Jacques Prevert and Auto. Photo by Danielle Ros.
“Three matches, one by one, struck in the night," wrote Jacques Prévert in one of his best-known poems. "The first to see the whole of your face/The second to see your eyes/The last to see your mouth/And the complete and utter darkness to remember them all/While holding you in my arms.”
A photograph showed Prévert alone at a café table with his dog Auto. It captured him well, except on one point; it's daylight. Prévert was a creature of the night. Darkness inspired his best work, including the lyrics for Les Feuilles Mortes/Autumn Leaves, which Joseph Kosma set to music for the 1946 film Prévert scripted also, Les Portes de la Nuit/The Gates of Night, a gaunt, despairing account of scores settled in the wake of the occupation.

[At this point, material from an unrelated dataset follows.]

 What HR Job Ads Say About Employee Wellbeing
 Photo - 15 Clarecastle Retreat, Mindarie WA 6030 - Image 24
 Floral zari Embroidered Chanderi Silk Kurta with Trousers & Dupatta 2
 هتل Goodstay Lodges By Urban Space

So filled is the Paris night with these resonances of history - with tales of lost and ancient loves, of violence, carnage, war and retribution - that successive city administrations have urged citizens to stay out after dark to appreciate it. These initiatives have not always ended well.
The latest dates from 1982, when François Mitterand's innovative Culture Minister Jack Lang inaugurated the first Fête de la Musique. Parisians were encouraged to spend the night in the streets either listening to or performing music. The result was often cacophonous but the event soon became a fixture of the artistic calendar. Similar initiatives followed: a Fête du Cinema with cheap seats for all-night screenings; a Fête de la Poesie, celebrating poetry and small press publishers.

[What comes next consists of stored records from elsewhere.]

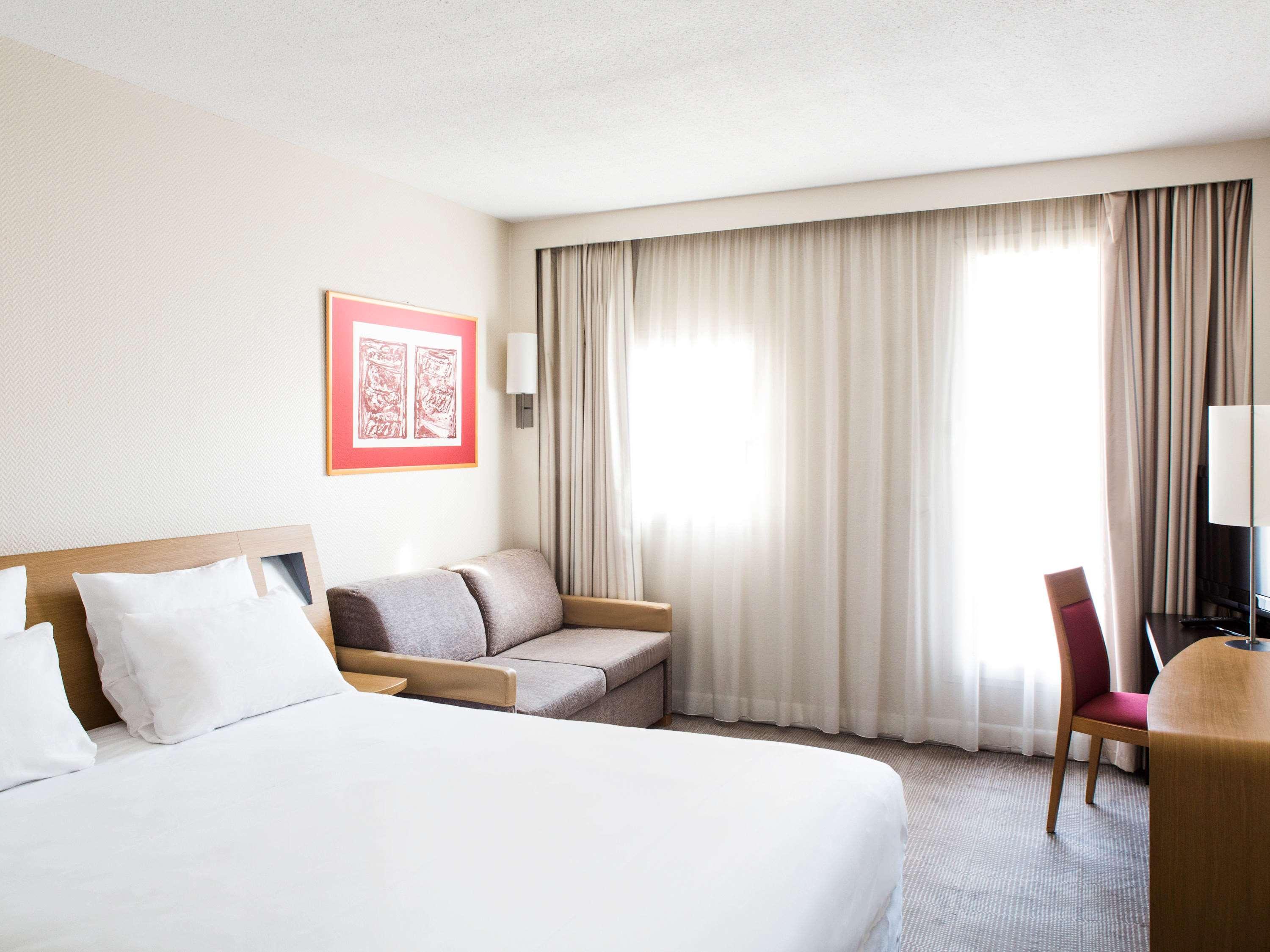 Novotel Lille Aeroport Экстерьер фото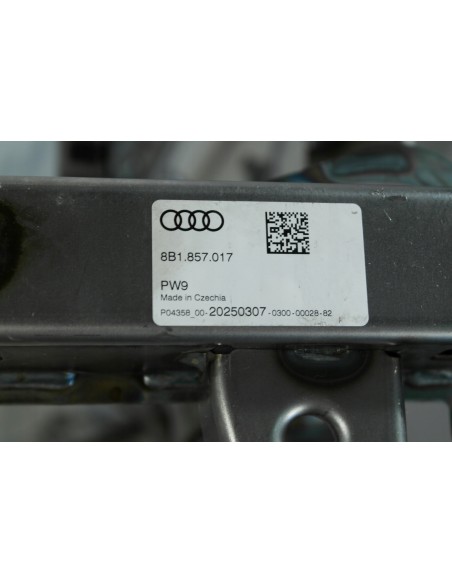 AUDI A5 B10 BELKA STELAŻ KOKPITU DESKI ROZDZIELCZEJ 8B1857017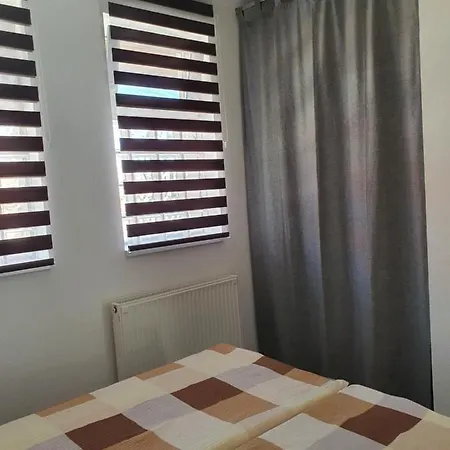 Apartment Maja Apartmanhaz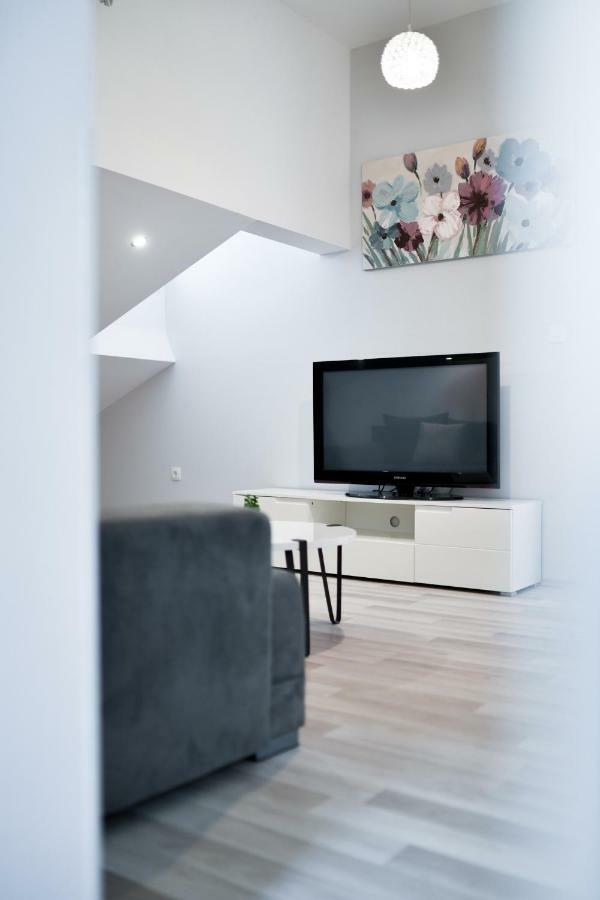 Grey Apartment Old Town Zadar Extérieur photo
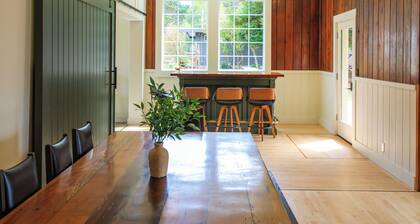 The Historic Schoolhouse Inn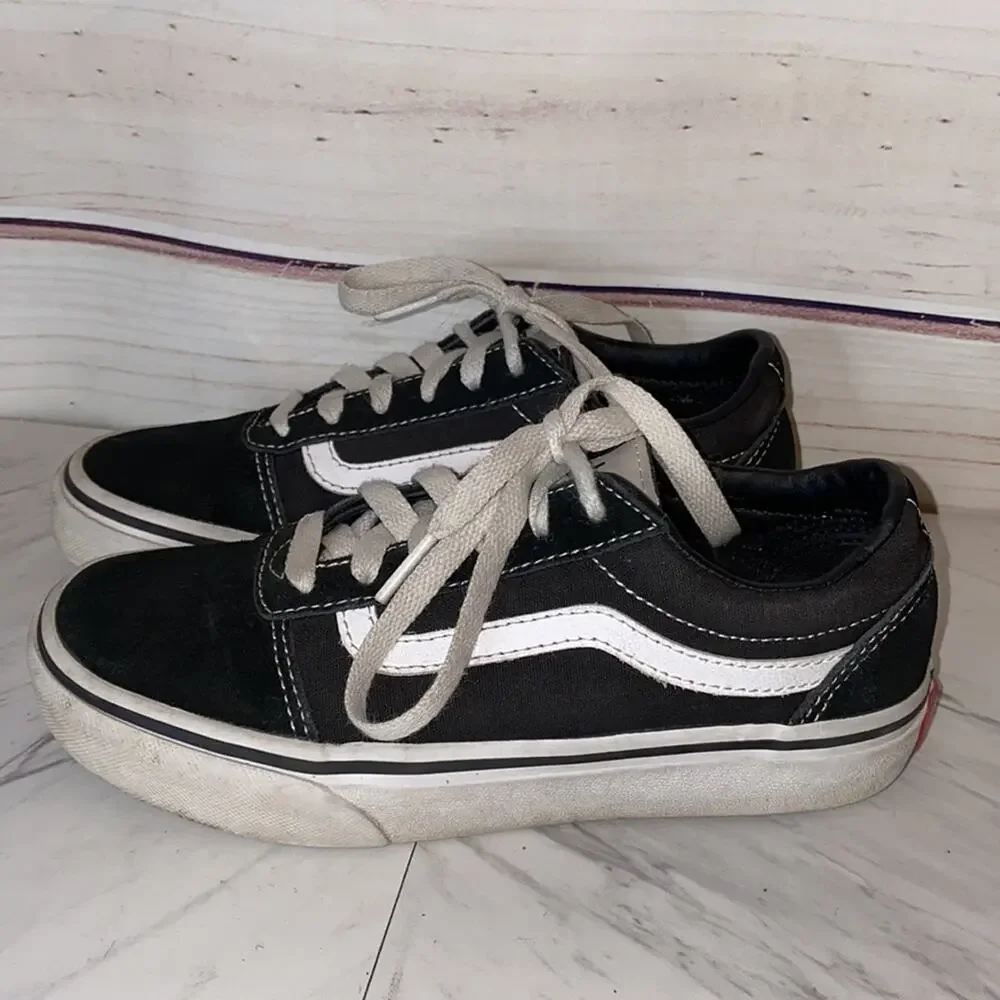 Vans Black & White Classic Old Skool Low Top Sneakers Youth Size 2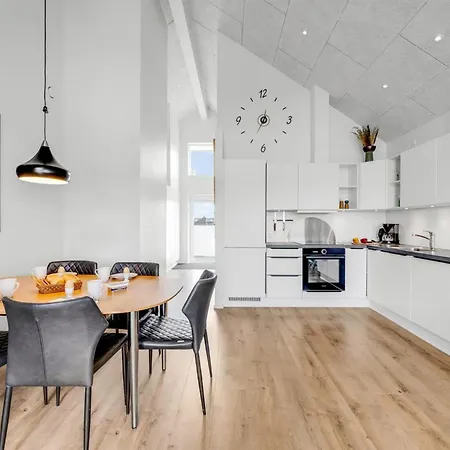 Halldora - 300m From The Sea By Interhome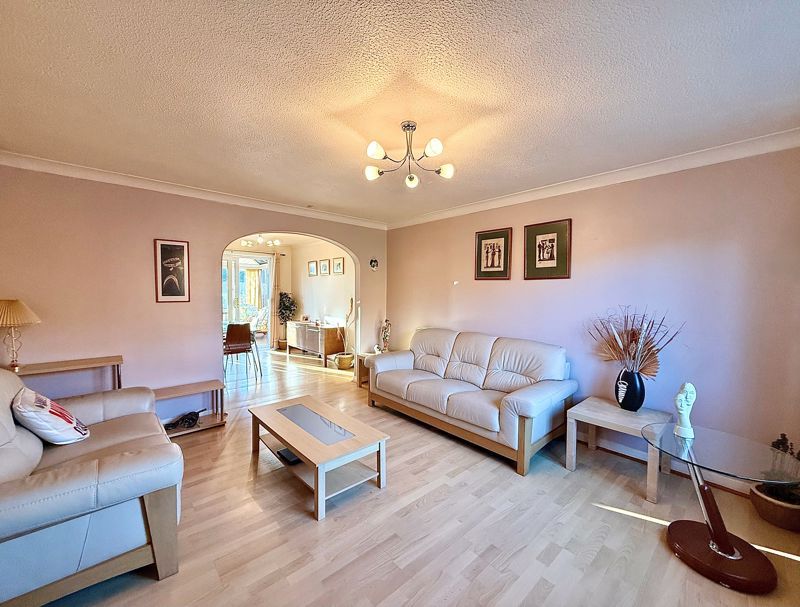 Property photo 3 of 19 Photo 4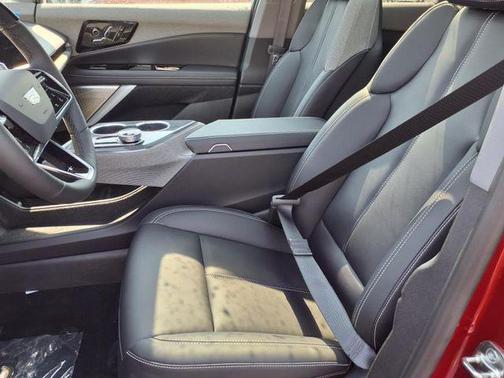 2025 Cadillac OPTIQ Luxury 1 AWD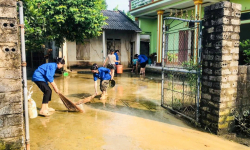 Thạch Thành (Thanh Hóa): Người dân tranh thủ dọn nhà khi nước lũ rút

In 2001, Mayor Bertrand Delanoë designated a night in early October as an annual Nuit Blanche or White Night. Shops, museums and theatres would be encouraged to stay open and citizens invited to roam the streets from dusk to dawn. Critics caviled that white nights in Russia and northern Scandinavia were not "declared" but took place naturally. From June 11 and July 2, around St Petersburg, the sun hovers just below the horizon, bathing the city in pearly luminescence. Though similar conditions produce the same effect across Scandinavia, where it’s called “the midnight sun,” Feodor Dostoievsky’s Belye nochi/White Nights was the first book to record the introspection bordering on despair that a ceaseless day can induce.
M. Delanoë's concept, loaded with incentives for people to stay up past their bedtime and bring their credit cards with them, was in line with other attempts to re-animate the streets which, after hours, were increasingly deserted. He even announced his intention to do so himself and welcome in person anyone who cared to drop by the Hotel de Ville. In 2002, an out-of-work computer technician turned up and, announcing he didn’t like either homosexuals or politicians, stabbed him, fortunately not seriously. After that, the mayor, while no less hospitable, travelled with a bodyguard.

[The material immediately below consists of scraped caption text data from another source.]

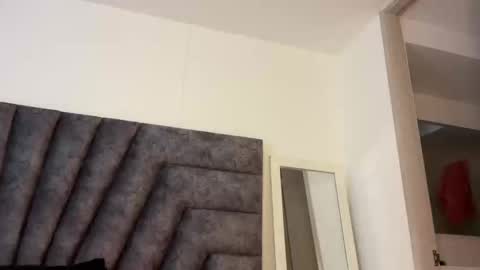 Snapshot of veronicadussan chatting on 02.06.25 Miss Veronica dussan Tw Veronicasm IG Ashveronica online show from 02.06.25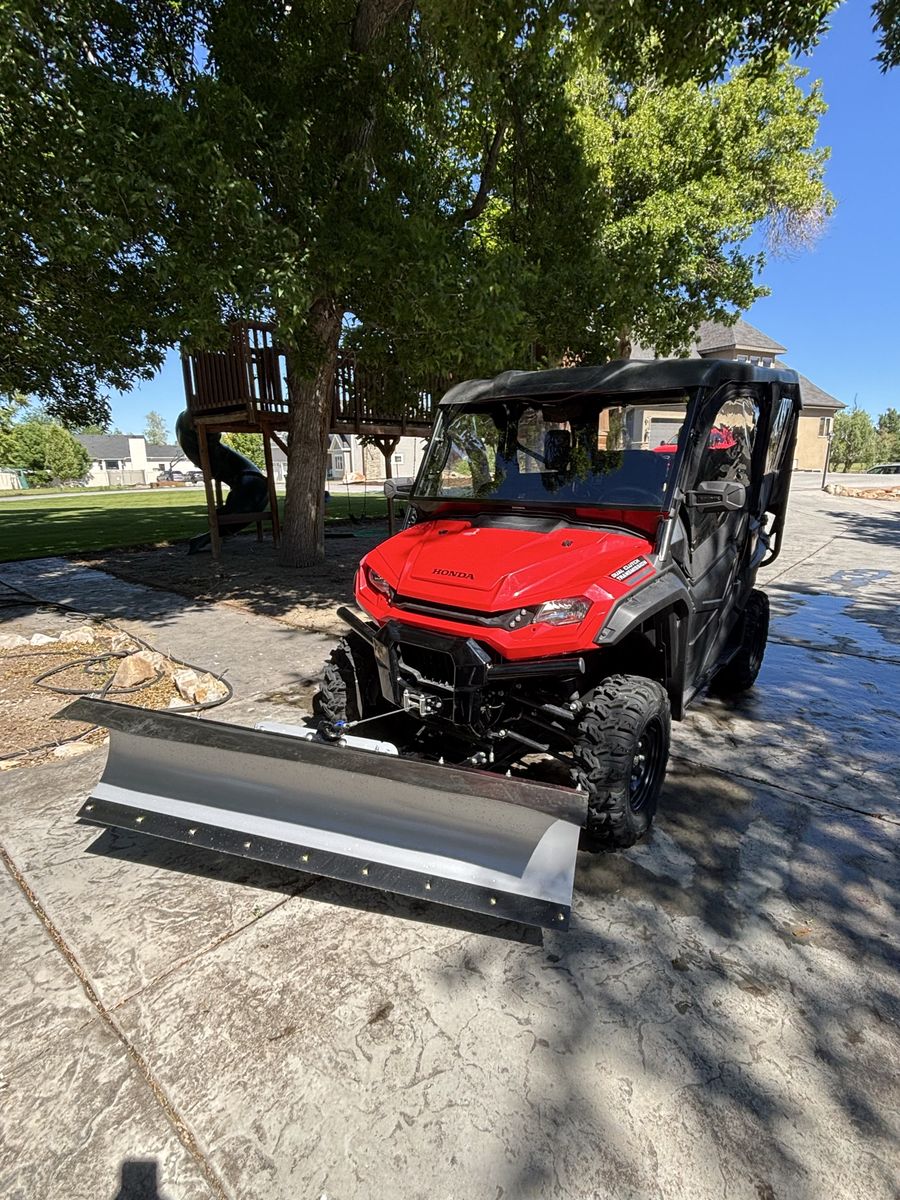 2022 Honda Pioneer 1000 5 seater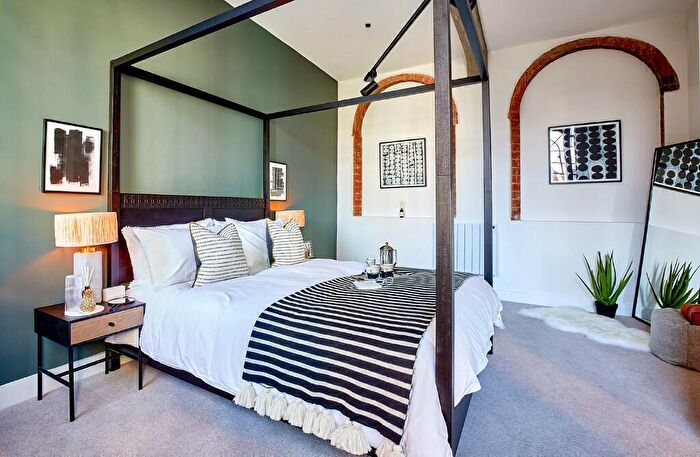 2 Bedroom Apartment To Rent In Charlotte Street, Birmingham, B3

Encouraged by other cities having followed Paris's lead - the idea was picked up by Rome, Montreal, Toronto, Brussels, Madrid, Lima, Malaga, Taipei, Seoul and Leeds (Leeds?) - Anne Hidalgo, one-time deputy to Delanoë, and his successor, carried on the scheme, which accorded with her policy of removing cars from the city, encouraging bicycles, filling public squares with "urban forests" and reserving as many streets as possible for pedestrian use. Committed to investing €1.5 million in enlivening the night with eye-catching spectacle,the Nuit Blanche artistic director promised to turn the city into “a large exuberant garden, invested with unusual scenes, populated by rare forms and crossed by intriguing creatures.” Mayor Hidalgo assured the public that “Parisians will throng the streets,” indifferent to the fact that many quartiers of Paris are unthrongable, if not downright hostile, and that some of those intriguing creatures might mean one harm.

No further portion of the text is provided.